Snippets -- Clutched From Other Lives Part Two
I'm listening to Chris Bell and feeling really underwhelmed by graduate school today. So I figured now was as good of a time as any to flex my fiction writing muscles and post another installment of my sojourn into fiction writing -- ""The Jukebox Played An Old Sad Song." I feel that some of this story might seem a tad cliched, or intentionally pulpy, but I am going with it. Writing is an unrewarding task sometimes, but most of the time I can't imagine doing anything else. One of these times I will put up revisions.
He grabbed a pool cue from a corner rack. The bar was somewhat of a dive with dirty concrete floors and cracked brown wall panels covered by decades old beer signs. The only new embellishments included new lights over the pool tables and large screen led televisions with 24 hour sports blaring. The pool cue he grabbed was one of the old ones; it had some heft. It wasn't one of these 19 ounce 2 piece cues, great for shooting, but horrible for what he was going to do. The cue felt sure in his hands. He walked over to the bar and swung it brutally, but surely, at the head of a man sitting at the bar nursing a bourbon. The stick shattered on the man's hard skull and he dropped. The heavy thwack alerted the bartender and the one other man in the bar.
The bartender came from the back with a “what the fuck” look on his face. The man calmly pulled a small pistol on him. He said nothing, but the bartender knew to stay back. The other man in the bar was not so compliant. He raced towards the man with little fear in the stance of an amateur wrestler. He made to circle the man in an effort to go for a take down. The man expected him to throw a knee. He smoothly and effectively kicked the man's legs out from beneath him. He put the man into a full nelson and banged his head against the floor. Then he punched once. The man was out, but the bartender was heading for the phone. It was good that the place had no quick alarm system. The man made a quick dash for the bar. He had been hoping he wouldn't have to do this. He grabbed the broken cue and hit the bartender in the back. As the man turned, he caught him with a right hook. That was all it took. He left the man laying behind the bar, then pulled on a pair of gloves. He calmly went back to the first man and searched his pockets. He grabbed his wallet, pocketed it as well as an envelope from the man's sport coat, and grabbed the broken pool cue. He would get rid of it later. Then he quietly left. He wasn't scared of being caught. Even the bartender would have a tough time identifying him. He knew that he looked like every other schmoe that came in the bar. He had no distinguishing features or trademarks. He was so unassuming and normal; no one ever noticed him. He was sure they wouldn't this time either.
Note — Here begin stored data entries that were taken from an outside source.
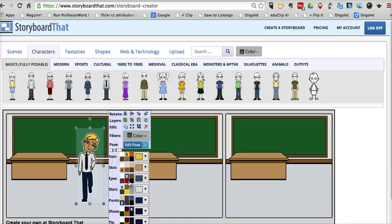So that's the new feature of Storyboard That. It's posable characters. I think it's a great way to customize your characters for your own stories.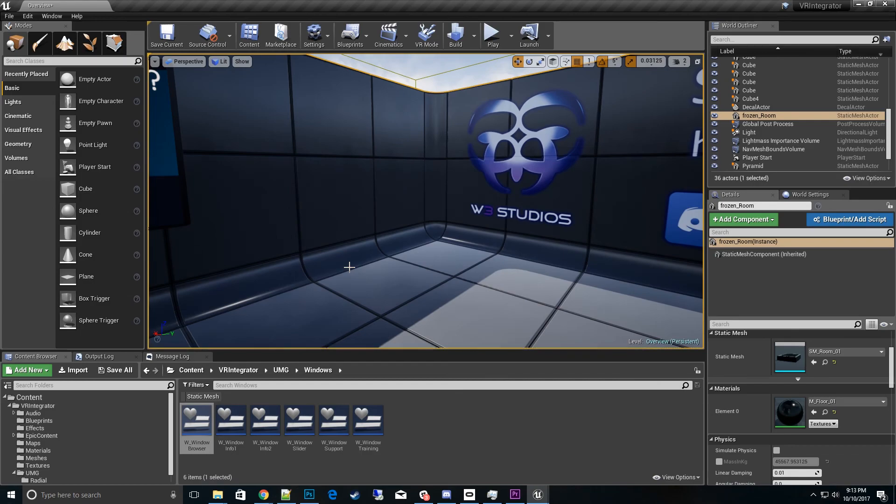Hi, thanks for tuning into my VR integrator how-to video. In this video I'm going to talk about the VR dockable windows and what options come with it.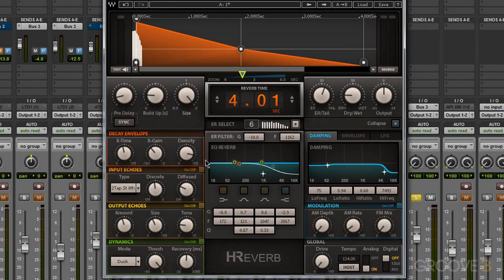In this video we'll learn about the EQ section in H-Reverb. The EQ section has two different parts: we have the early reflections filter up here, and the rest of the section is the reverb EQ.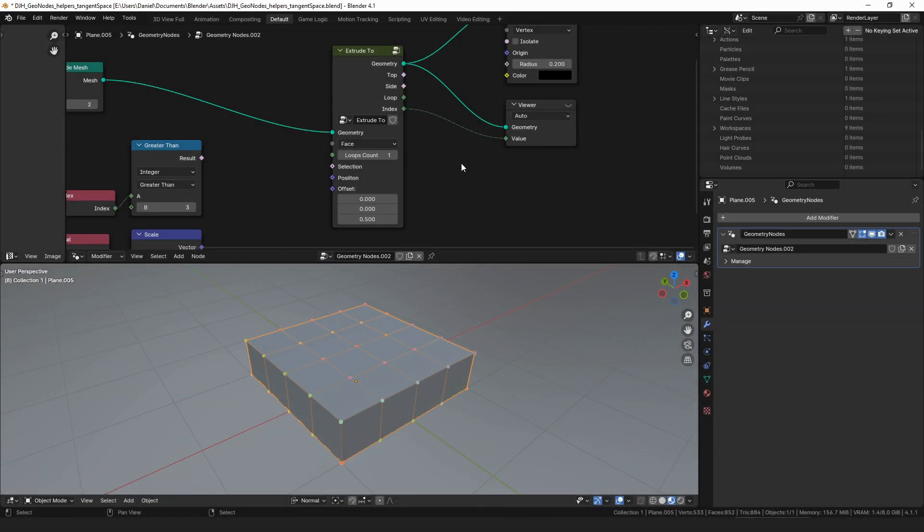Hello everyone. My name is Daniel and I'm a programmer and an artist. Today I wanted to make a video about a utility node that I made, meant to be used inside of other node groups — a sort of really small piece rather than being a modifier by itself. It's essentially the same as the extrude mesh node that comes with Blender, but hopefully with some improvements made to it.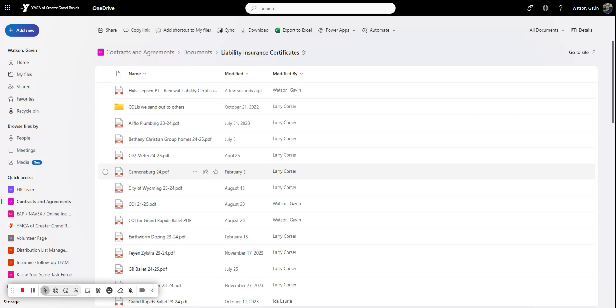This video is going to be a training of how to do the liability insurance logging. So anytime we're using another location or we have a company come in,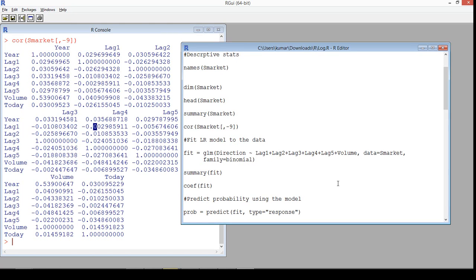Once we have an understanding of how the data is, we know what our target variable and explanatory variables are. We'll go straight to modeling. I'm not dividing the data into training and test samples yet — we'll see what problem arises if you don't do that kind of sampling.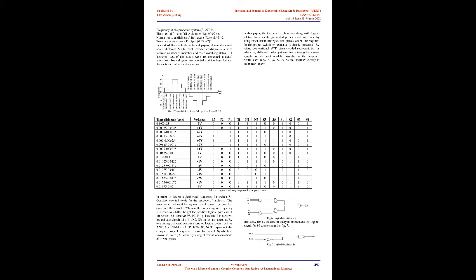Phase disposition (PD) PWM technique has carriers in same phase above and below zero reference line as shown in the figure. Phase opposition disposition (POD) PWM has carriers with zero degree displacement above the zero reference line and exact 180 degree displacement below zero reference line as shown in the figure 3.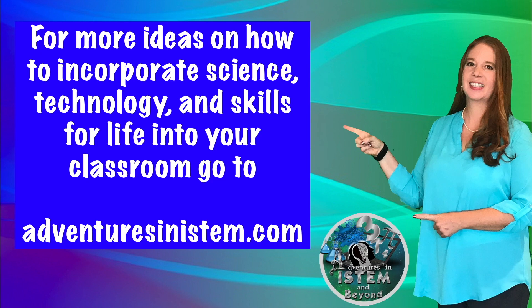For more ideas on how to incorporate science, technology, and skills for life into your classroom go to adventuresinstem.com.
Hank Mardow was the man to go to with this kind of information. He had his hands in all the appropriate piggy banks, pies, illegal investments; you name it. He knew all the right people and spoke all the right languages. The man had dropped off his package, but he needed to know just what he had delivered. Usually he did not peak at his clients' personal files, but there was something about the package that uneased him. He knew he could trust Hank. He just wanted to see what his bosses were getting into. There were few lines he would cross, but he thought his bosses had crossed one. Mardow looked at him with some doubt. “You seriously want to know? This could open a whole new can of worms for you. I'm not sure if I'm comfortable telling you. I also don't want your employer to get her little ass kicked or to get mine kicked. This must remain a secret, if I tell you. Or you have to swear that you will not mention me. I'm staying out of it.”
“I wouldn't ask you, if I wasn't worried. I usually just shut my mouth and do these jobs. I'm really good at these jobs, and I'm always discrete. I just want to know what they're doing. I'm thinking of moving on. This might just make my mind up for me. Don't worry. I'll leave your name out of it. I don't think that she will expect you anyway.”
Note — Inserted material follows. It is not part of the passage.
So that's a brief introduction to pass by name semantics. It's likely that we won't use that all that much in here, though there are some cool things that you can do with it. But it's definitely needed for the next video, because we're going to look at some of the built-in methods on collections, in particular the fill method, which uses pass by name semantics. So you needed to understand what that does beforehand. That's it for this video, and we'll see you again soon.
“Alright. It is heroin just as you expected. She is getting into harder and harder drugs. She's been upping the business, selling larger amounts with more and more dealers. But you are still only delivering messages and settling scores. She would never make you deliver the drugs. Hell, you won't even see them. You're too good of a delivery man and enforcer. Don't worry about it. Just continue doing your job.”
The man seemed satisfied. He took his leave with few words. He had made his decision to get out. He wouldn't tell her why. He would just quietly finish these last jobs. There was no need in hurrying. There was no need in worrying. He would remain anonymous. That was his way.
A strange darkness swathed the city in aberrant violet hues, leaving a filmy wash, which obscured the lamp posts. Charlie had just arrived in town. He had never liked it all that much. He played few gigs here and spent as little time as possible thinking about why. His uncle had lived here -- a thin, austere man who had little love for children; he had worked for years selling used cars. He was as gray and unimaginative as the city itself. As a sub-suburb of Chicago, it was innocuous. It was solemn with many old factory houses pushing against the sky. Charlie's uncle had lived this way. He was always pushing against something, but remained insignificant. Charlie could never shake the thoughts of this solemn old man. They shadowed him like a pall as he drove his car into the city limits, looking for a place to park its rusty, overtaxed frame.